In the past couple of weeks, how we remember and commemorate the Civil War has undergone seismic shifts. The city of New Orleans is in the process of removing four monuments that celebrate Confederate leaders and an 1874 attempt by white supremacists to topple Louisiana's biracial Reconstruction government. In Charlottesville, Virginia, a court injunction temporarily halted the city's plans to sell its Robert E. Lee monument while alt-right leader Richard Spencer led a torchlight protest this past weekend reminiscent of Klan rallies of the past. White supremacist support for the Lee statue will likely strengthen and broaden the call to remove this and other Confederate monuments throughout the city. Curiously, however, the former capital of the Confederacy, Richmond, Virginia, has not seen a similar outcry. Why?

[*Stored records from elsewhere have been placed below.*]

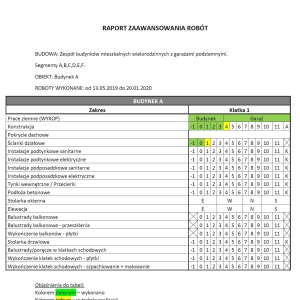 Raport zaawasowania prac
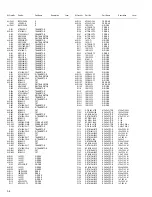 Предварительный просмотр 68 страницы JVC RX-D402B Service Manual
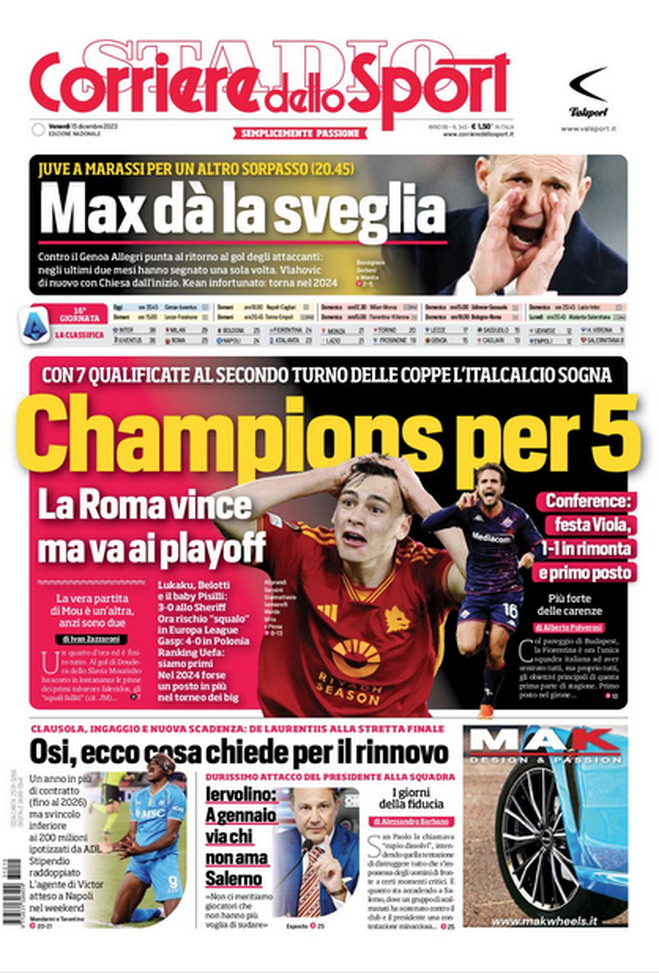 Prima Pagina Corriere Dello Sport Champions League Per 5 Pianeta Milan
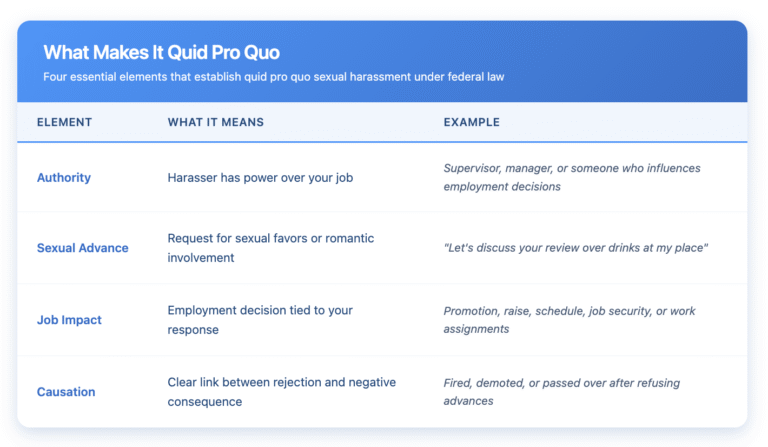 Table showing the four essential elements of quid pro quo sexual harassment: Authority (harasser has power over your job), Sexual Advance (request for sexual favors), Job Impact (employment decision tied to response), and Causation (link between rejection and negative consequences). Each element includes definition and examples.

The city boasts some of the most significant sites of Confederate commemoration. Its famed Monument Avenue is studded with massive statues of Generals Robert E. Lee, Stonewall Jackson and J.E.B. Stuart along with the president of the confederacy, Jefferson Davis. Thousands of Confederate soldiers and officers, and Davis himself, are buried in the city’s Hollywood Cemetery—a sacred space for white Southerners grappling with defeat. Veterans’ reunions, battlefields, monument dedications, parades and the opening of the Confederate Museum in 1896 helped solidify the city itself as a shrine to Confederate memory by the beginning of the 20th century. If ever a city was ripe for calls to remove Confederate monuments, it is Richmond.
But beyond scattered acts of vandalism, locals have remained largely quiet. Part of the reason why is that over the years, the city has recognized changing perceptions of the Confederacy—and officials have addressed concerns that public spaces devoted to the city’s past do not sufficiently reflect Richmond’s diversity.